EXERCISE DIRECTIONS
Take the material below and extract the lines from the one with "zilda.silvestre" through the one with "Lauren Ralph Lauren", word for word, without pictures.

INPUT RECORDS
────────────────────
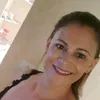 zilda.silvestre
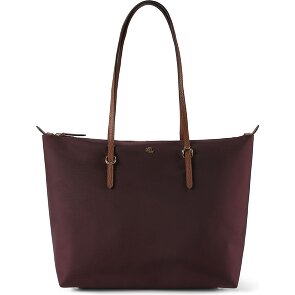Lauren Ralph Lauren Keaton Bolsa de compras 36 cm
────────────────────
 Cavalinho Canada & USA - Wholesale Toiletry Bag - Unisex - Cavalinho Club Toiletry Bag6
────────────────────
RESULT OF THIS EXERCISE
 zilda.silvestre
Lauren Ralph Lauren Keaton Bolsa de compras 36 cm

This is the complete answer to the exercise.